- [Required work]:
Please restate, exactly as they appear, only the lines from the one that contains "Redwood Retreat, Mountains, Adventure" to the final line of the entries, with no pictures.

Given entries: Begin

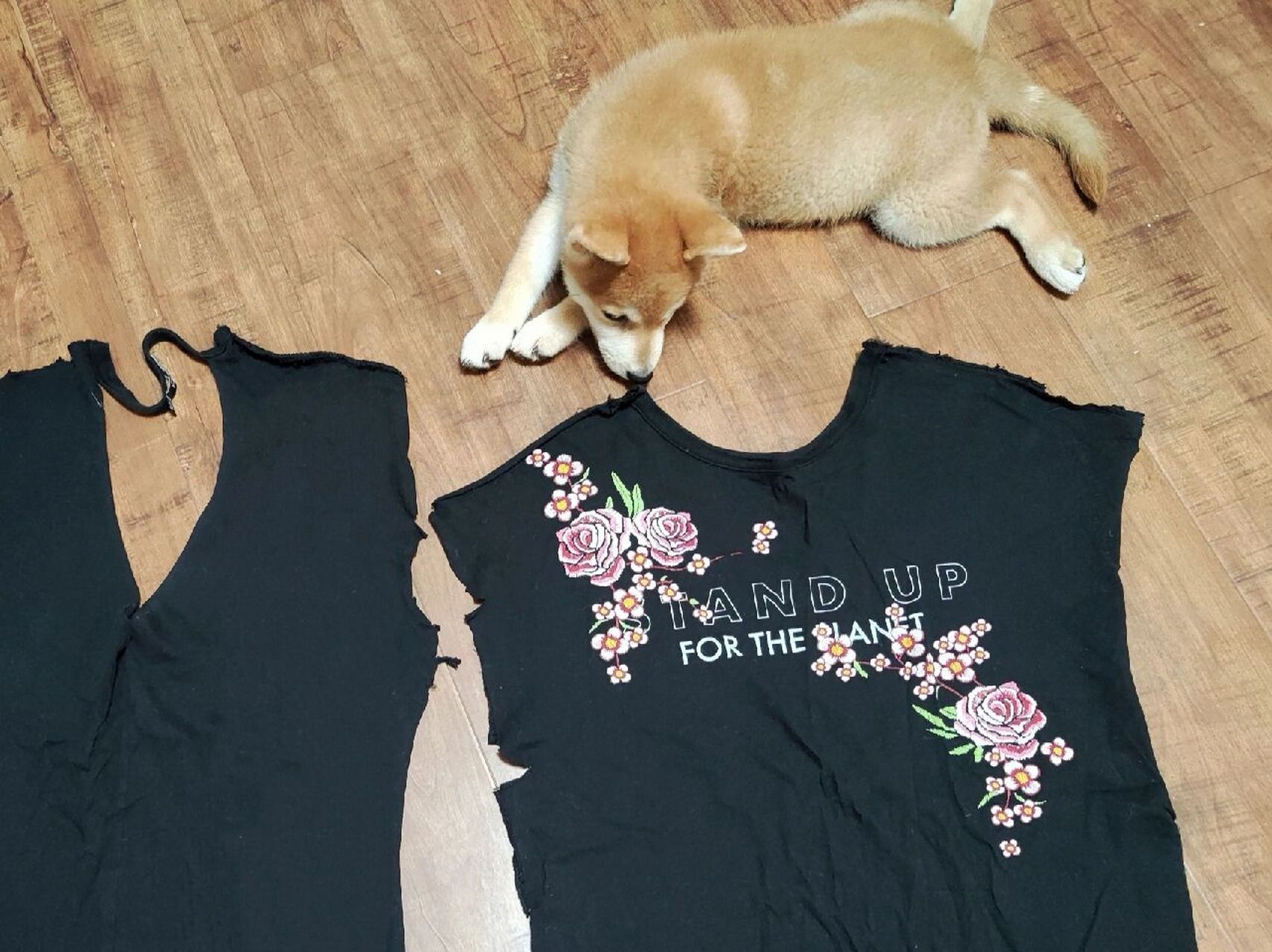 旧t恤改造宠物衣服 心血来潮的旧物改造第二弹,这次是旧t恤改宠物裙子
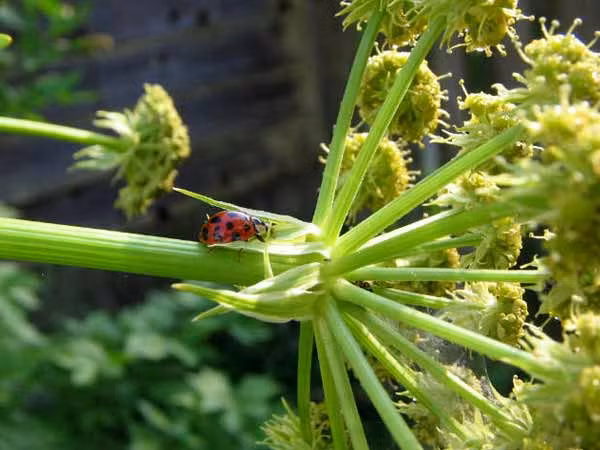 Hạt cây thì là tốt cho sức khỏe sinh sản. Thì là có tác dụng tốt trong giảm đau ở các trường hợp đau bụng kinh ở thiếu nữ và bế kinh gây ra bởi thiếu máu. Thì là có tác dụng kích thích và điều hòa chu kỳ kinh nguyệt. Chỉ cần dùng 60g nước lá thì là trộn chung với 15ml nước ép rau cần tây, chia 3 lần uống trong ngày để chữa rối loạn kinh nguyệt. 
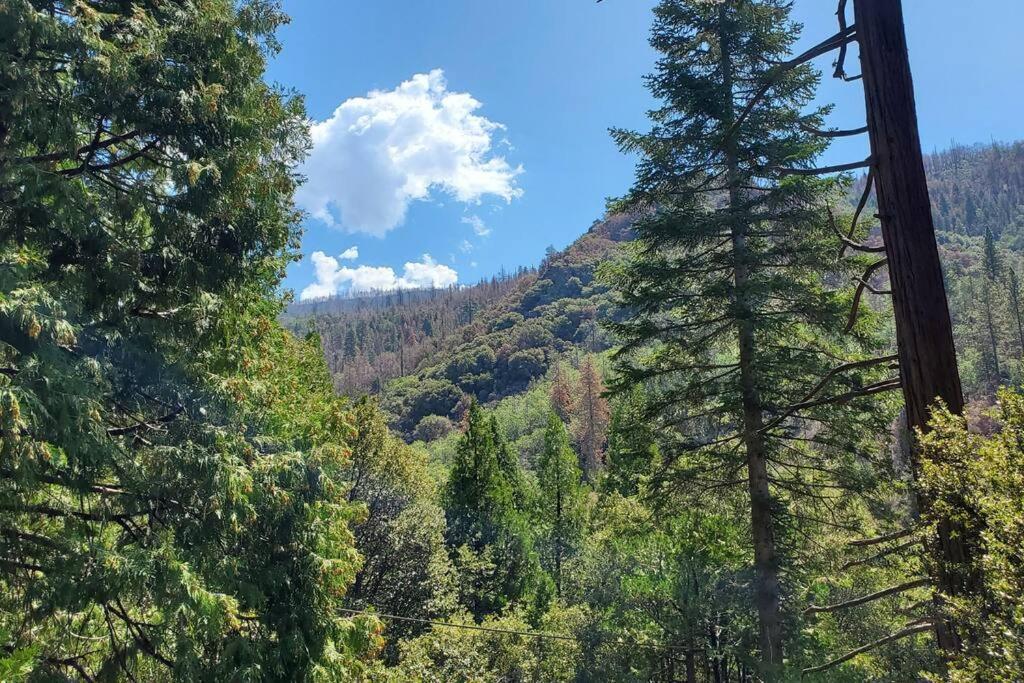Redwood Retreat, Mountains, Adventure And Nature Ponderosa Экстерьер фото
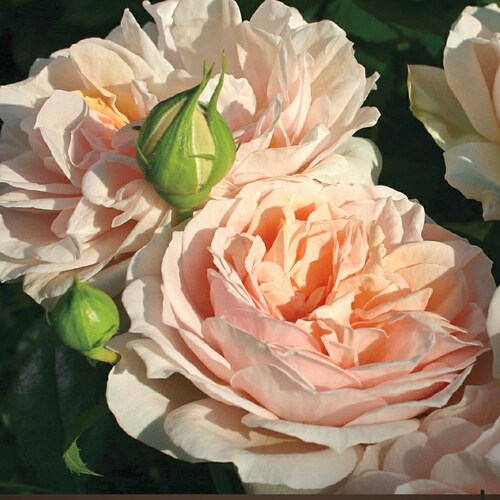 🇺🇲🙏♥️⚔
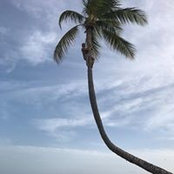 Alex LaPointe's photo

Given entries: End

- [Result for this exercise]:
Redwood Retreat, Mountains, Adventure And Nature Ponderosa Экстерьер фото
 🇺🇲🙏♥️⚔
 Alex LaPointe's photo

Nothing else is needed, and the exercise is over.